Type “define learning” into a search engine, and more than 500 million hits come up in less than a second. In 2018, the various contemplative strains floating through the stratosphere on how we learn, why we learn, what we learn, how we increase learning, and how we measure learning are legion. Amongst the virtual stacks of data on learning is a section targeting another equally vast area of interest, debate, concern, and research: memory care, a distinct form of long-term care designed to meet the needs of a person with some type of memory problem.
In 2001, the National Endowment for the Arts began a long-term research project with George Washington University that has come to be known as the Creativity and Aging Study.[i] The study identified many benefits of participating in creative activities, not the least of which was improved health.[ii] Over the years, the study has led to further research related to the creative arts and aging, and has supported the work of individuals and organizations who ask, “How can acquiring a new skill stem the tide for an individual who has not only ceased acquiring knowledge and skill, but is actively losing both?”

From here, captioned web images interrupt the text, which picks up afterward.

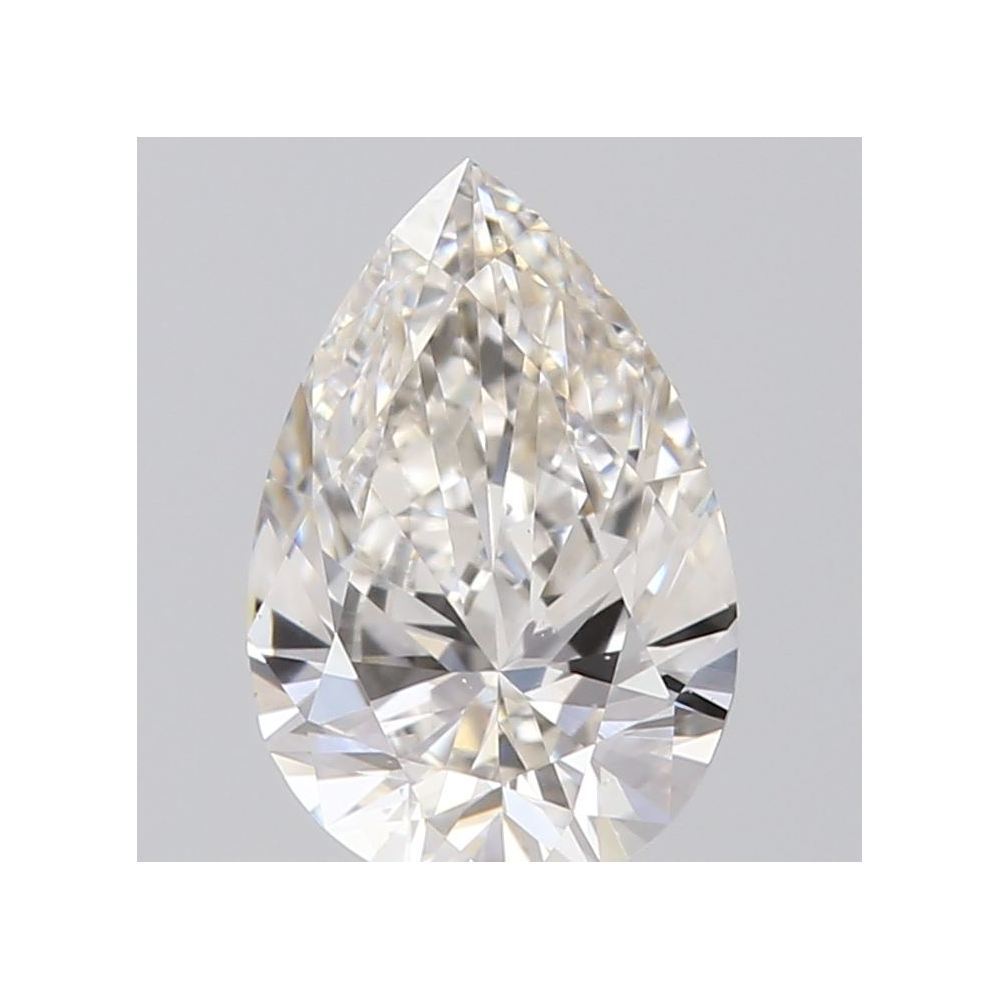 0.50 Carat Pear Loose Diamond, H, VS2, Ideal, GIA Certified | Thumbnail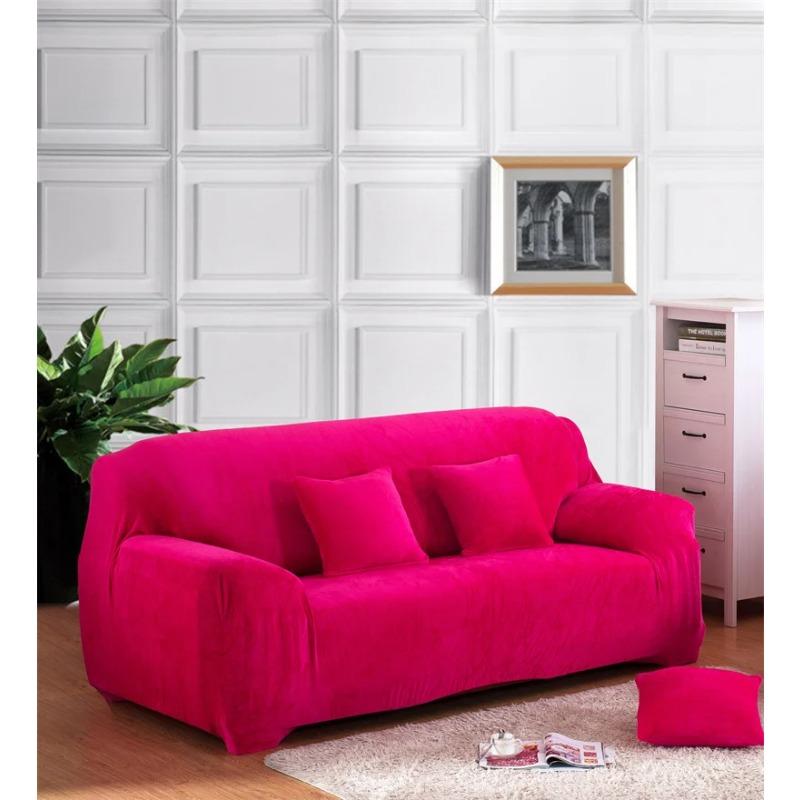 Thicken Plush Elastic Sofa Covers for Living Room Sectional Corner Furniture Slipcover Couch Cover 1/2/3/4 Seater Solid Color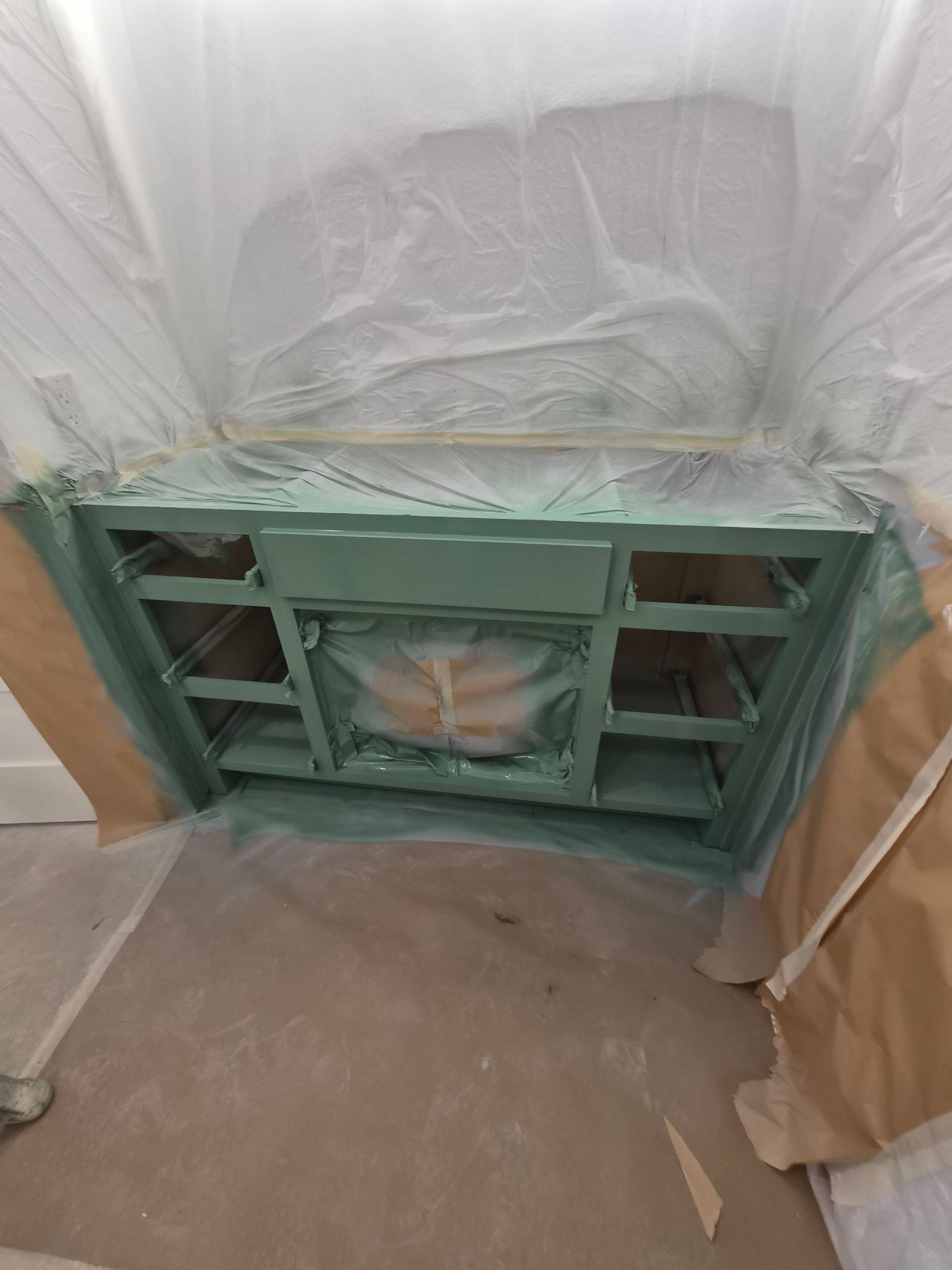 Sage Green Cabinet Transformation in Brownsboro, TX! by Quality Coats Painting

It was at the corner where aging and learning meet that Northern Clay Center (NCC) found itself in 2008. Serving the Twin Cities region, NCC had just received a Wallace Foundation Excellence Award Grant[iii] to support the development of new programs that would bring in more participants age 55 and older. NCC envisioned creating a program that would support healthful aging and capitalize on the progress and momentum of its outreach program, ClayToGo!, through which NCC provides short visits and extended artist residencies using the ClayToGo! Van, tours and artist demonstrations for groups, and public programs with neighborhood festivals. All activities are taught by professional teaching artists.